• **Task brief**: What are the lines below, starting at the line containing "Load image into" and ending at the line containing "Pine Cliffs Residence, a"? Write them out exactly, ends included, without pictures.

• **Source information**:
.....

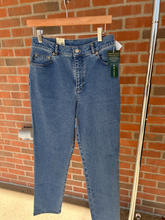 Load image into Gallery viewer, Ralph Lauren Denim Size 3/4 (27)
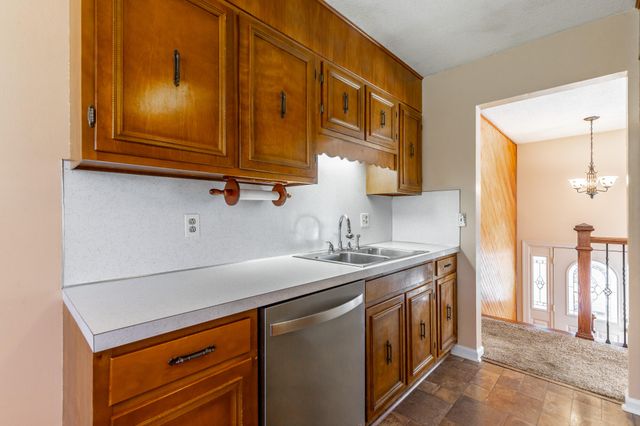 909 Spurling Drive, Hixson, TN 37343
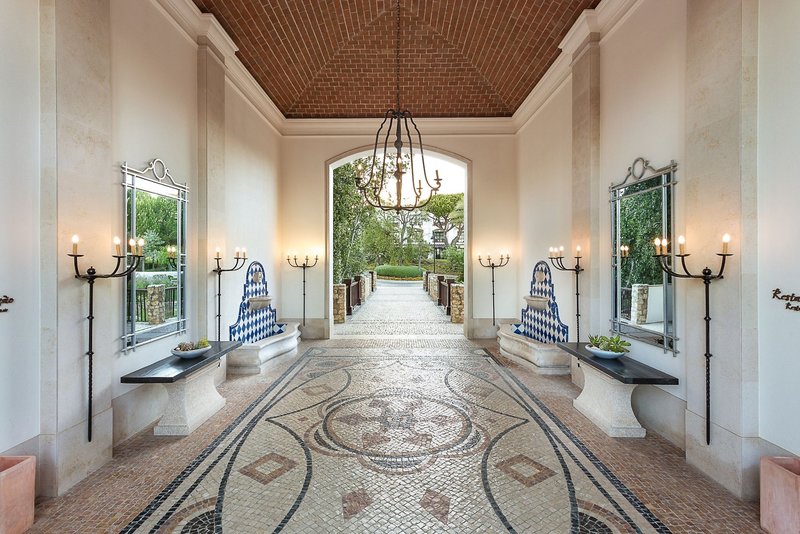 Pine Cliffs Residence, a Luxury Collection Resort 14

.....

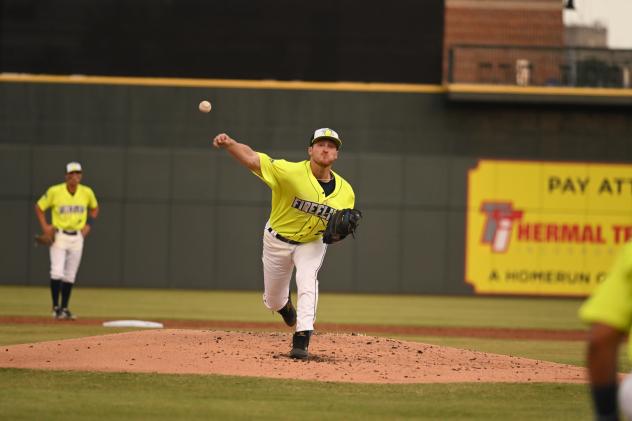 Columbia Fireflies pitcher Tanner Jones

.....

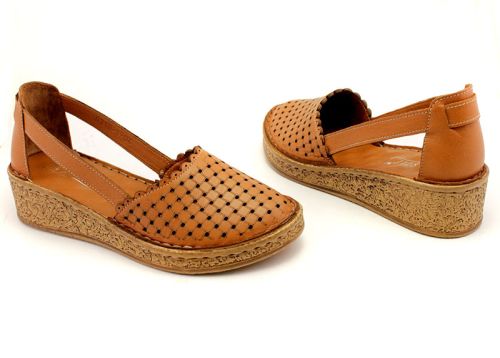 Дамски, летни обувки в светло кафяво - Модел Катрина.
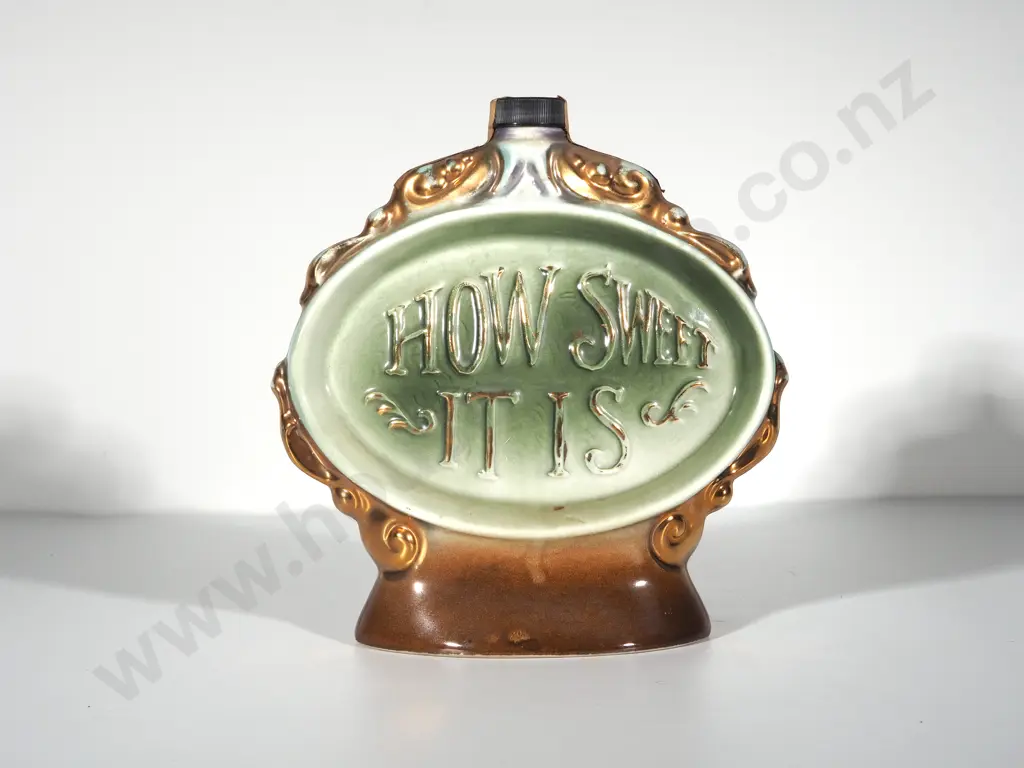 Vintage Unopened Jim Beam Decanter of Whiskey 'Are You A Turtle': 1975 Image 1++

.....

• **Written response**:
 Load image into Gallery viewer, Ralph Lauren Denim Size 3/4 (27)
 909 Spurling Drive, Hixson, TN 37343
 Pine Cliffs Residence, a Luxury Collection Resort 14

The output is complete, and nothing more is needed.